Single by Commodores

from the album Caught in the Act
- B-side: "The Bump"
- Released: 2 April 1975 (US)
- Genre: R&B; funk;
- Length: 2:58 (single edit)
- Label: Motown
- Songwriter(s): Thomas McClary
- Producer(s): Commodores, James Anthony Carmichael

Commodores singles chronology
| "I Feel Sanctified" (1974) | "Slippery When Wet" (1975) | "Just to Be Close to You" (1976) |

= Slippery When Wet (Commodores song) =

"Slippery When Wet" is a 1975 single by American band the Commodores. The song was written by lead guitarist, Thomas McClary.
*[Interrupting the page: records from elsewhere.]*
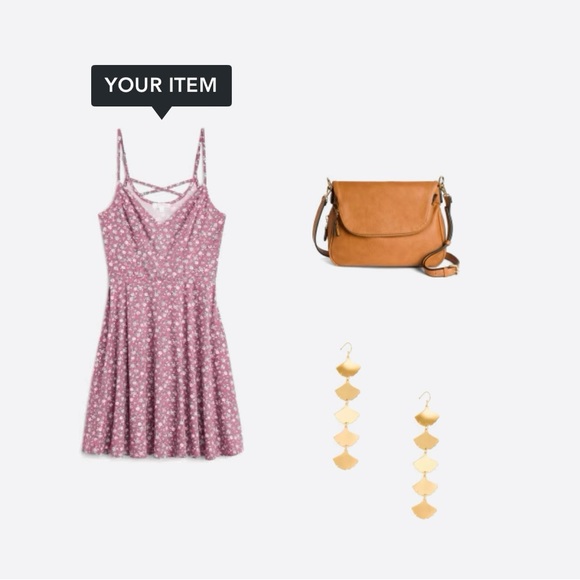 Jayde Knit Back Detail Dress - Picture 7 of 8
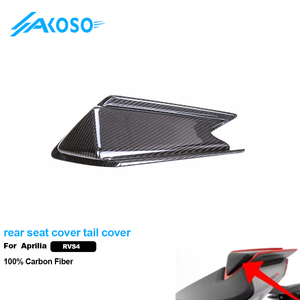 AKOSO 100% 3K Pure All Dry Carénage de moto en fibre de carbone Accessoires de carrosserie Housse de siège arrière Housse de protection arrière pour Aprilia RSV4 2021 + - Product Image 1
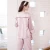 Import New Solid Color Home Wear Ladies Long Sleeve Pants sleepwear Two Piece Pyjamas Soft silk PJ set from China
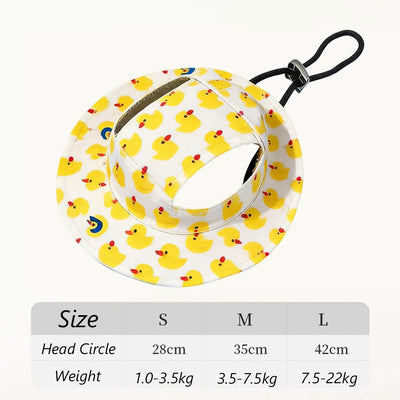1Pcs S/M/L Cute Print Dog Hat for Small Medium Dogs Adjustable Pet Cap Puppy Pug Corgi Dachshund Hats Summer Out Pet Accessories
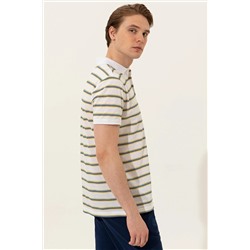 Erkek Beyaz Polo Yaka Tişört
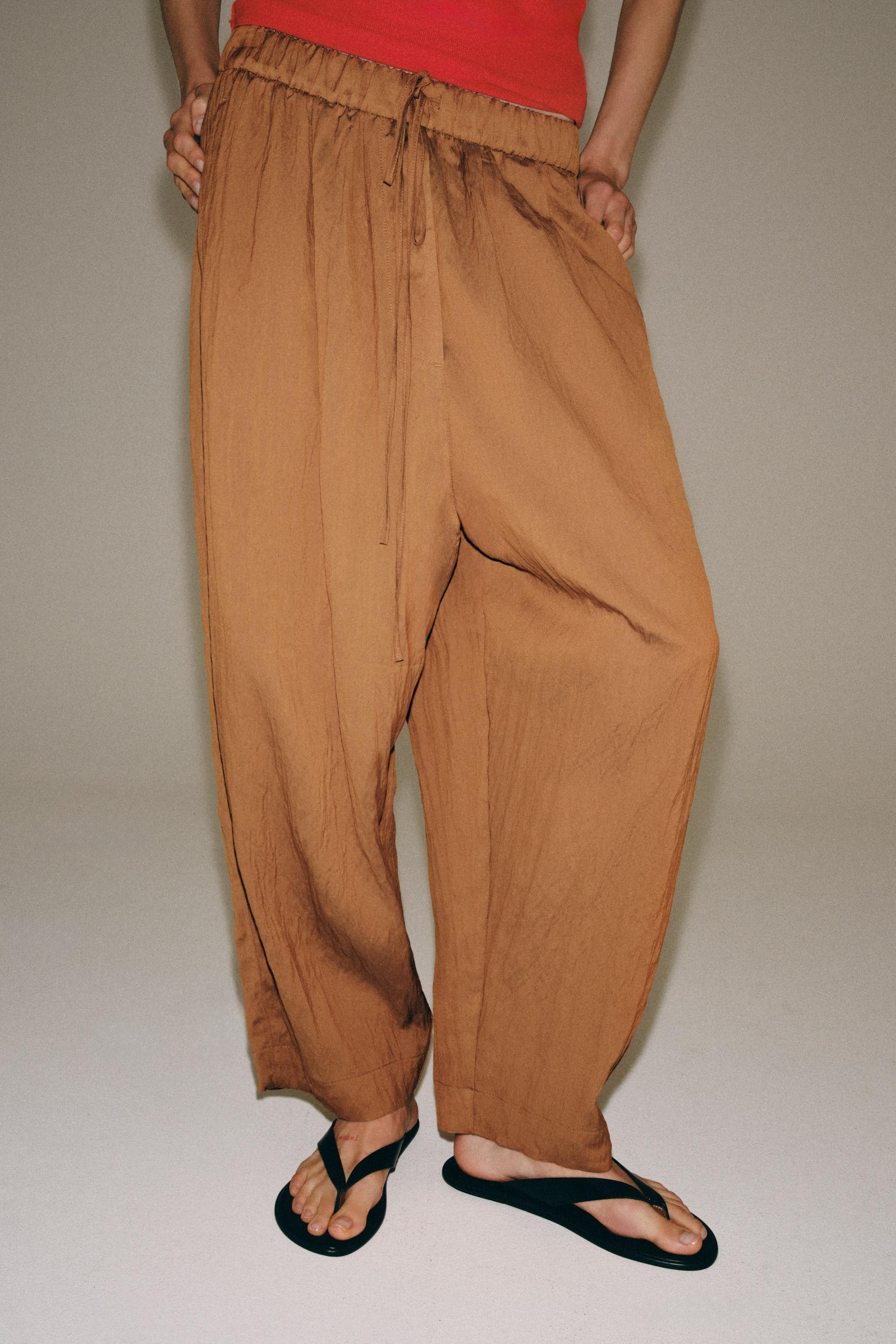 ZW COLLECTION FLOWY PANTS | Zara US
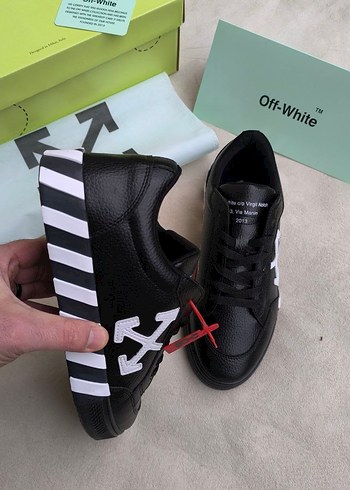 Off-White Siyah Erkek Sneaker - Görsel 2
The track is from their second album Caught in the Act.

==Chart performance==
It was the group's first single to reach number one on the soul singles chart in the US and was their second top 40 pop single, peaked at number nineteen on the Billboard Hot 100.

==Charts==

| Chart (1975) | Peak position |
|---|---|
| US Billboard Hot 100 | 19 |
| US Billboard Hot Soul Singles | 1 |

==Cover versions==
- The Sons of Champlin recorded the song in 1976 for their album A Circle Filled With Love (Ariola) as "Slippery When It's Wet".